In the last two years, five states – Arizona, Iowa, Mississippi, Georgia, and Idaho – have moved from a graduated income tax rate to a flat individual income tax.
“Graduated-rate tax systems penalize productivity and hinder upward mobility, while flat tax structures are more conducive to long-term economic growth,” said Katherine Loughead, senior policy analyst with the conservative-leaning Tax Foundation.
Individual income tax rates in Kansas are now set at 3.1% for earnings under $15,000 or $30,000 for married couples filing jointly.
The rate is 5.25% for income between $15,000 and $30,000 or $30,000 to $60,000 for married couple filing jointly.
Earnings are taxed at 5.7% for income of $30,000 or more for individuals and $60,000 or more for married couples.
There were about 161,000 married taxpayers who filed joint returns in 2020 and earned less than $30,000 a year in taxable income, according to data obtained from the Kansas Department of Revenue.
By comparison, there were about 381,000 married taxpayers who filed joint returns in 2020 and made more than $60,000 a year, according to state data.
Stafford disagrees that the flat tax would disproportionately hurt the less advantaged by forcing them into a higher tax bracket.
He notes that the chamber’s proposal exempts income under $15,000 for single filers and $30,000 for married couple from income taxes.
Under the current system, those low-income earners – of which there are more than 400,000 single filers earning under $15,000 in Kansas – now pay 3.1% in income taxes.
Stafford said income under $15,000 for single filers and under $30,000 for married filers was exempted to address concerns about hurting the less affluent.
The flat tax would be a significant departure from Democratic Gov.
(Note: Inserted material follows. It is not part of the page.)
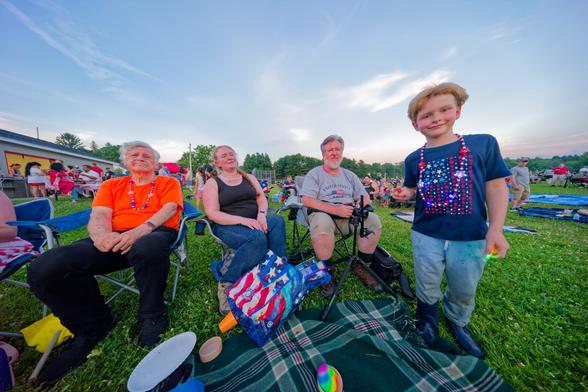 Three adults and a child in front of a blanket in a big field with more people behind and a near-sunset sky with a few cirrus clouds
Laura Kelly’s proposal to accelerate elimination of the state sales tax on food, create a sales tax holiday for school supplies and cut taxes on Social Security income.
Kelly’s proposal costs roughly $540 million over three years.
Kelly has urged the Legislature to adopt a tax plan that was “responsible,” not something that would throw the budget into disarray.
Kelly in a recent interview expressed reservations about a flat tax and what it might mean for low-income earners in Kansas.
“I don’t know that the flat tax is so much irresponsible as incredibly regressive and unfair,” Kelly said in an interview with the Sunflower State Journal.
“I’ve always seen the flat tax as regressive,” she said. “I am not enthusiastic about it.”
House Minority Leader Vic Miller said the chamber’s tax plan would benefit the wealthy at the expense of the less affluent while torpedoing the state’s budget.
“This legislation will pull us right back into the Brownback dumpster fire, famous for making Kansas a late-night television punchline,” Miller said in a statement.
Senate President Ty Masterson said he supports a flat tax, but in a recent interview said he would like to work with the governor on a tax package.
He would like to see a package that addresses the food sales tax, eliminates the tax cliff on Social Security income and flattens income tax rates.
“I’m optimistic we can even get to signature,” Masterson.